Oncotarget

Research Papers:

KIT performed as a driver gene candidate affecting the survival status of patients with stomach adenocarcinoma

PDF |  HTML  |  How to cite

Oncotarget. 2017; 8:70183-70191. https://doi.org/10.18632/oncotarget.19598

Metrics: PDF 1888 views  |   HTML 1960 views  |   ?  

Shengli Pan, Jin Tan, Yingying Deng, Ben-Hai Wan, Xiao-Yu Zhang and Bu-Gao Guan _

Abstract

Shengli Pan1,*, Jin Tan2,*, Yingying Deng1, Ben-Hai Wan3, Xiao-Yu Zhang4 and Bu-Gao Guan3

1Shanghai Eighth People’s Hospital, Shanghai, China

2Department of Thoracic Surgery, Huai’an First People’s Hospital, Nanjing Medical University, Huai’an, China

3Department of General Surgery, People’s Hospital of Jinhu, Huai’an, China

4Division of Gastrointestinal Surgery, Department of General Surgery, The Affiliated Huai'an Hospital of Xuzhou Medical University and The Second People’s Hospital of Huai’an, Huai’an, China

*Co-first authors

Correspondence to:

Bu-Gao Guan, email: [email protected]

Xiao-Yu Zhang, email: [email protected]

Keywords: stomach adenocarcinoma, prognosis, TCGA, KIT, driver gene candidates

Received: March 12, 2017     Accepted: June 04, 2017     Published: July 26, 2017

ABSTRACT

Stomach adenocarcinoma is estimated to cause 10,000 deaths in the US in 2016 and is the third most deadly cancer in China. We aim to identify the proteins and the genes that have impact on the prognosis of patients with stomach adenocarcinoma. Data of patients with stomach adenocarcinoma were retrieved from The Cancer Genome Atlas (TCGA). Proteins whose expression levels were highly correlated with survival status of patients were figured out. The expression levels of their mRNAs and their roles in the pathway were used to determine the driver gene candidates. The effects of mutations on the genes encoding KIT on mRNA expressions were carried. Ten antibodies were figured out to have significant correlation with stomach cancer prognosis. The coefficients of COXPH models matches their roles in the previous studies. The expression levels of mRNAs versus proteins suggested that KIT might act as a driver gene, which was also the central in the pathway of other selected proteins. The missense mutations on the gene encoding KIT led to the low expression of its mRNAs and there were much fewer nonsense mutations compared with other genes. It suggested that the important role of KIT as an oncogene in the progression of cancer, as well as a tyrosine-protein kinase during the normal activity. Ten antibodies, corresponding to fifteen proteins, were highly correlated with patients’ survival time, within which KIT played a critical roles. It suggested that KIT might be used as biomarker or as target of cancer therapies.


INTRODUCTION

It was estimated that there would be over 26,000 new stomach cancer cases and over 10,000 deaths caused by it in the United States in 2016 [1]. In China, stomach adenocarcinoma is the third most prevalent cancer, as well as the third most deadly [2]. The 5-Year relative survival rate of stomach adenocarcinoma increased from 20% before 1990 to 30% at present compared with any average survival rate of 69% for all kinds of cancer [1]. It prevalence and mortality urged us to find out the factors affecting its incidence and prognosis.

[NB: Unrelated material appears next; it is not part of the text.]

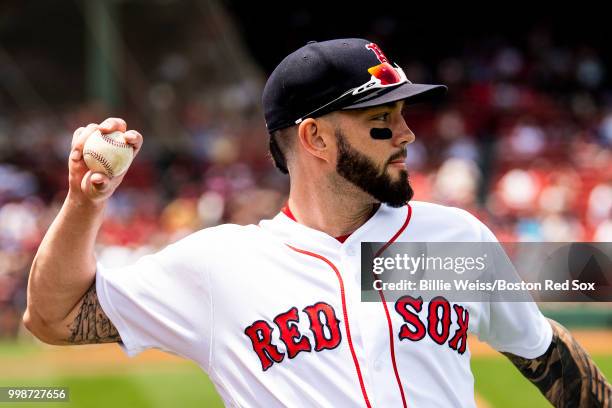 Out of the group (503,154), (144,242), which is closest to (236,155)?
(144,242)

The direct molecules regulating the body status are proteins instead of DNA or RNA. However, most of cancer studies at present focused on mRNA expression levels, mutations or even miRNA expression levels, but few studies used large-scale protein expression levels considering the difficulties to obtain such information. Luckily, M.D. Anderson Reverse Phase Protein Array Core provided the expression levels proteins which are targeted by 218 different antibodies on TCGA. Such data can help us to study the cancer further. On the meantime, there are various differences, from mutations to mRNA expression levels, from copy number variation to protein translation, between cancer patients and normal populations. However, most of differences were passengers which were neutral or influenced by other aberrant behaviors. Driver genes, which are responsible for cancer development through specific alterations, were hard to be figured out unfortunately [3].

In this study, we started from protein expression levels to find out the proteins that were significantly correlated with survival time of patients. Afterward, mRNA expression levels and somatic mutations information will be utilized to identify the driver gene candidates. The final results suggested that KIT, as well as the genes encoding these proteins, might play a critical and central role in the survival status of stomach patients.

RESULTS

Proteins correlated with survival status

There were totally 218 antibodies used to detect protein expression levels, though some antibodies unavailable for a certain group of patients. The overall expression patterns for these antibodies were plotted as a heatmap (Figure 1).

Heatmap for the expression levels of proteins.

Figure 1: Heatmap for the expression levels of proteins. The rows represented different antibodies and the columns were patients. Red meant the high expression levels and blue meant the opposite. The antibodies having a p-value lower than 0.05 in the COXPH model were annotated on the right. Antibodies that were unavailable in any patients were omitted.

COXPH models were built separately for all the antibodies based on 347 patients with protein expressed information. Ten antibodies with a p-value less than 0.05 were extracted. The detailed information for these antibodies was listed in Table 1. Campared with previous studies, we found that most of these genes were tumor suppressors or activators. Their role also corresponded to their coefficients of the COXPH model, except for Src_pY416. Interestingly, Src_pY416 antibody targets six different proteins, which might make it more complex to figure out theirroles on the survival status. We could not determine which protein(s) resulted in the significant results with limited data.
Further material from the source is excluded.